Prices may fall in the near future, while interest rates on your home, auto or personal loans may not rise immediately.
In a curious turn on Tuesday, the RBI raised its policy rates and signalled to commercial banks to increase their deposit and lending rates as well, but banks said they'd rather wait.
The RBI announced a 0.25 percentage point hike in the repo rate (the rate at which it lends to commercial banks) raising it to 5.75 per cent and a 0.50 percentage point hike in the reverse repo rate (the rate at which the central bank borrows from the commercial banks).
The reverse repo rate has been increased to 4.5 per cent.
The trigger: a fresh effort to tame the high inflation rate, currently hovering in double digits --- and stalling proceedings in Parliament.

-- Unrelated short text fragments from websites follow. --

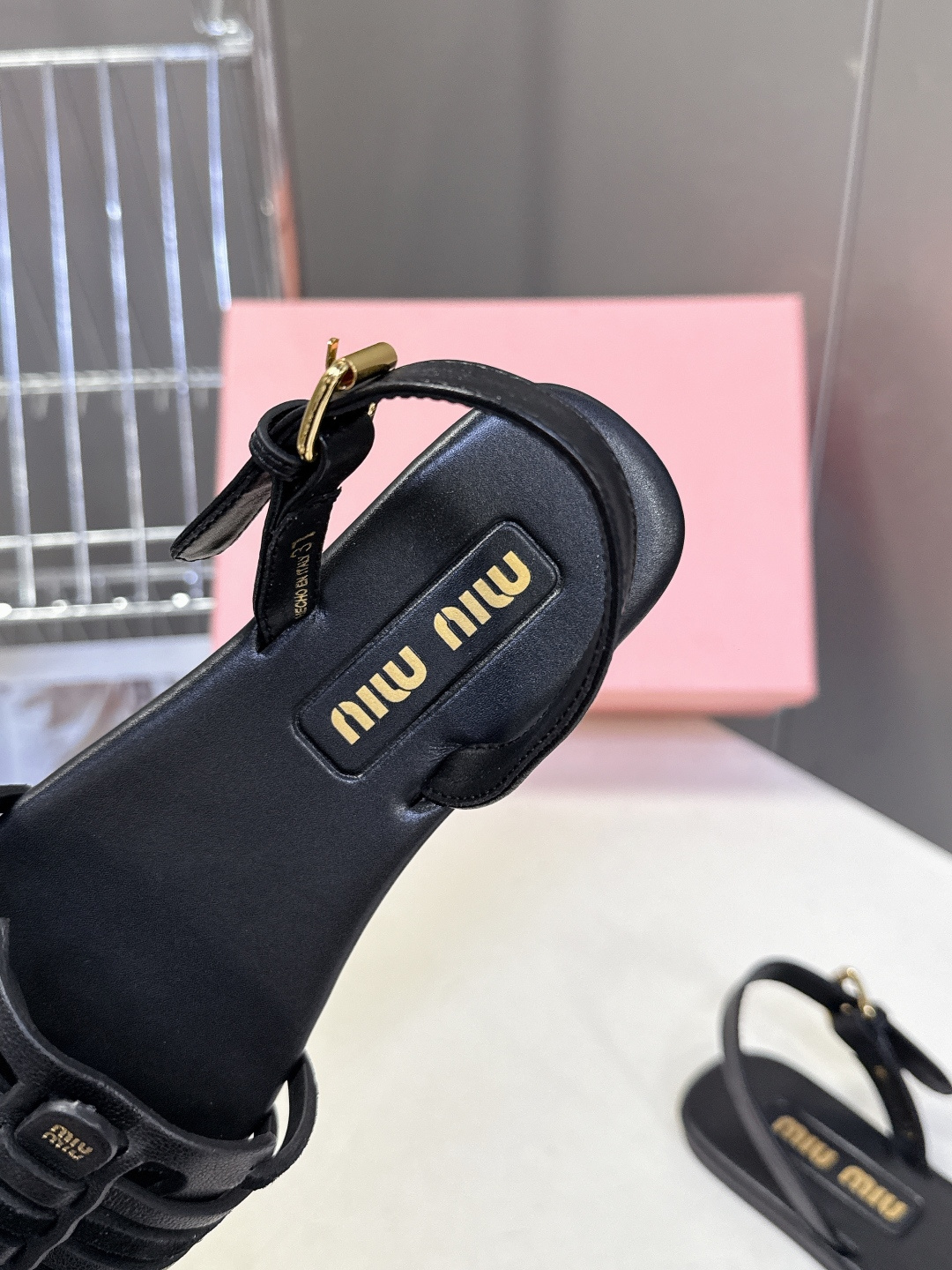 Miu Miu缪缪春夏最新款复古编织猪笼凉鞋 超多明星网红种草 是品牌将复古学院风与夏日度假感结合的设计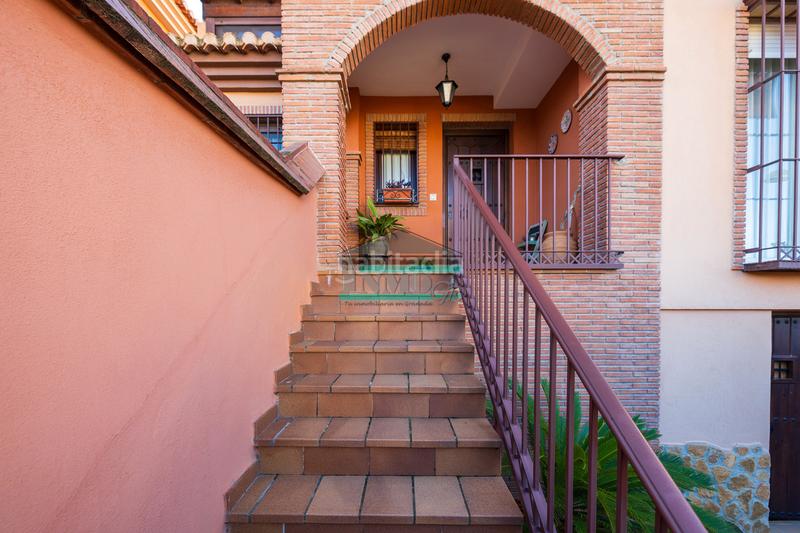 Foto 7d46214d-5b91-4efb-a4bb-afaee40fcb51. Chalet with fireplace heating parking pool in La Zubia Ciudad Zubia (La)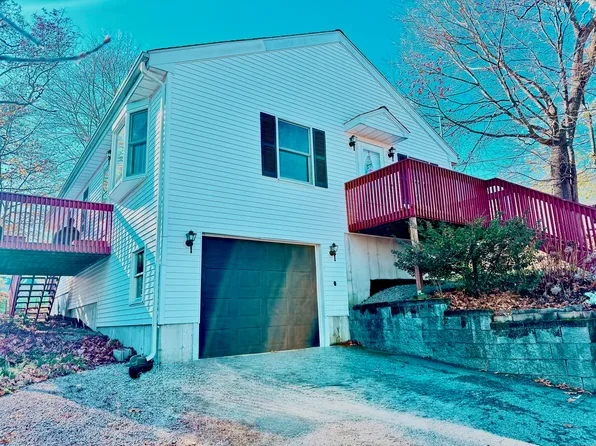 39 Richards Grove Road, Waterford, CT 06375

"As credit demand picks up, liquidity gets tightened and other monetary policy actions start playing up, both deposit rate and lending rate should go up," RBI Governor D Subbarao said.
"Bankers have told us that deposit rates will rise before the lending rates go up."
Bankers sid that the liquidity situation — amount of money sloshing in the system — would determine what they do next.
"I do not see a rise in rates in the immediate future but if there are more policy rate hikes in the coming months or there is a sharp contraction of liquidity, it may lead to a rise in lending rates," HDFC Vice Chairman and CEO Keki Mistry said.
"There will not be any immediate impact on the rates but in next three to six months there may be increase of 50 basis points (100 basis points make 1 percentage point) in deposit and lending rates," Kotak Mahindra Bank Head (Retail Liabilities and Branch Banking) K V S Manian said.
A rise in credit growth to support a high GDP growth may further push bankers to revise the rates upward if liquidity tightens.
"The liquidity situation has brought the system to a stage where policy rate actions could mean a hike in lending rates," said HDFC Bank Chief Economist Abheek Barua.